Élodie, chercheuse en oncologie moléculaire à l’Institut Curie, précise : « Le principe d’une signature précoce liée à l’adaptation cellulaire pourrait s’appliquer à plusieurs cancers solides. Ce qui change, c’est la combinaison de gènes et le seuil d’activation. » L’équipe de San Diego travaille déjà à adapter le test STRESS UP à d’autres types tumoraux, en ajustant le panel génétique et les seuils de détection.

Quelles implications pour la détection et la prise en charge des patients ?

Comment intégrer ce signal dans les parcours de soins ?

L’intégration du signal STRESS UP dans la pratique clinique ne se fera pas du jour au lendemain. Mais les perspectives sont claires : un test sanguin ou une biopsie ciblée pourrait permettre de dépister ce marqueur chez les patients à risque. Cela inclurait les porteurs de mutations KRAS, les patients ayant eu une pancréatite chronique, ou ceux avec des antécédents familiaux forts.

Imaginez le cas de Sébastien, 58 ans, ancien fumeur, diagnostiqué avec une lésion kystique du pancréas. Aujourd’hui, il serait suivi par imagerie tous les six mois, dans l’attente d’un changement morphologique. Demain, un test moléculaire pourrait analyser la présence de STRESS UP dans son sang ou lors d’une biopsie fine. Si positif, son suivi serait intensifié, et une intervention préventive, comme un traitement ciblé contre STAT3, pourrait être envisagée.

Quel impact sur la mortalité liée au cancer du pancréas ?

Le cancer du pancréas tue encore près de 90 % des patients dans les cinq ans suivant le diagnostic. En France, plus de 15 000 nouveaux cas sont recensés chaque année, et le taux de survie à cinq ans reste inférieur à 10 %. La raison principale ? Un diagnostic trop tardif. La plupart des patients sont pris en charge à un stade avancé, où la chirurgie n’est plus possible et la chimiothérapie peu efficace.

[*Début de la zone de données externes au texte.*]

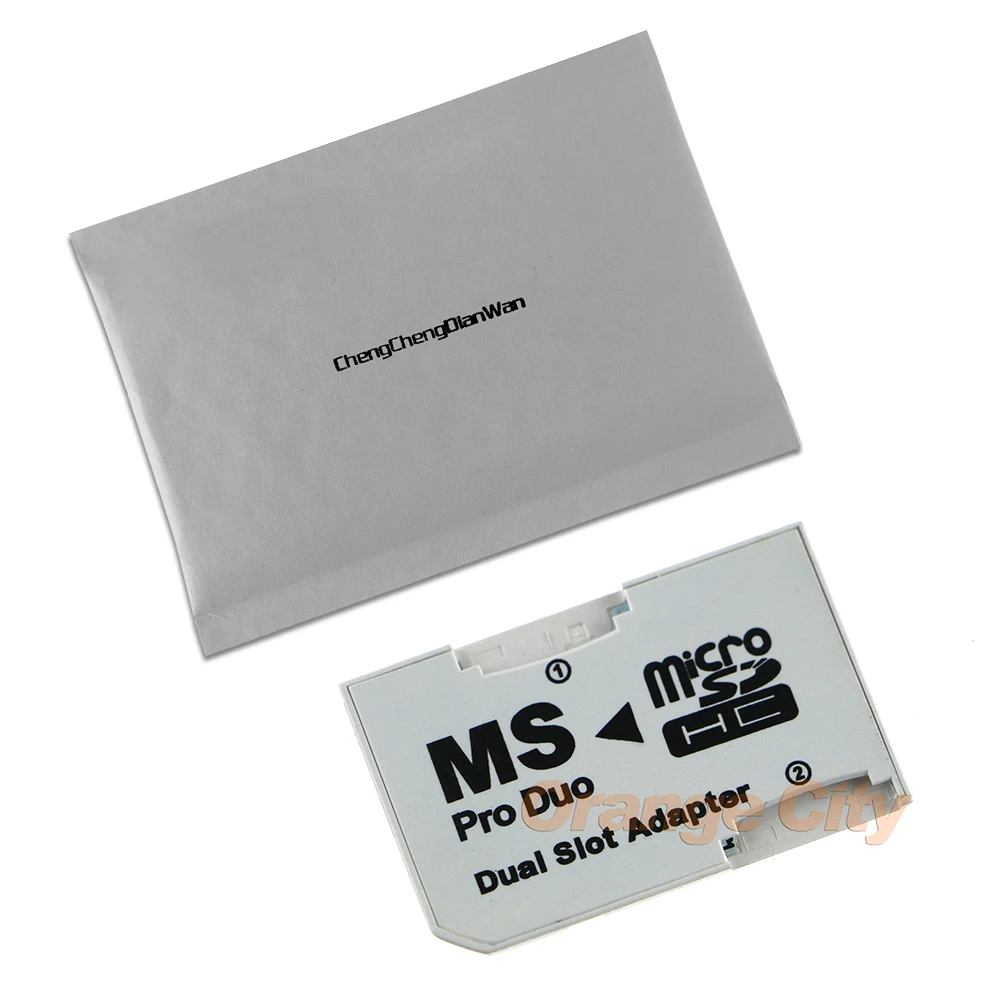 HTB13bHNmgnH8KJjSspcq6z3QFXaP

Le signal STRESS UP offre une fenêtre d’opportunité inédite. En agissant des mois, voire des années plus tôt, on pourrait non seulement améliorer le pronostic, mais aussi réduire la charge émotionnelle et financière des traitements tardifs. « Gagner six mois dans la détection, c’est parfois gagner dix ans de vie », affirme Camille. « Ce n’est pas qu’une question de biologie, c’est une question d’humanité. »

A retenir

Quel est le principal avantage du signal STRESS UP ?

Le principal avantage de STRESS UP est sa capacité à détecter une transformation cellulaire avant l’apparition de tout symptôme ou lésion visible. Il s’agit d’un indicateur biologique précoce, actionnable, qui permet d’anticiper le développement d’un cancer du pancréas dans sa phase précancéreuse.

Le test STRESS UP remplace-t-il les examens d’imagerie ?

Non, le test STRESS UP ne remplace pas l’imagerie. Il la complète. Il sert de filtre pour identifier les patients qui nécessitent un suivi plus rapproché ou des examens plus fréquents, évitant ainsi une surmédicalisation des sujets à faible risque.

Existe-t-il déjà un test disponible pour les patients ?

À ce stade, le test STRESS UP n’est pas encore disponible en pratique clinique. Il est en phase de validation préclinique et doit faire l’objet d’études chez l’humain. Les chercheurs espèrent pouvoir lancer des essais cliniques dans les deux à trois prochaines années.

Peut-on prévenir le cancer du pancréas grâce à cette découverte ?

On ne parle pas encore de prévention totale, mais d’intervention précoce. En bloquant la cascade moléculaire (notamment via l’inhibition de STAT3), il pourrait être possible de ralentir, voire d’arrêter, la progression vers un cancer invasif chez les patients à haut risque.

Quels cancers pourraient bénéficier de cette approche à l’avenir ?

Outre le cancer du pancréas, cette approche pourrait s’appliquer à d’autres cancers épithéliaux, notamment du sein, du poumon et de la peau, dès lors qu’ils partagent des mécanismes de stress cellulaire et d’activation de STAT3. L’adaptation du test dépendra de la validation de signatures spécifiques à chaque type tumoral.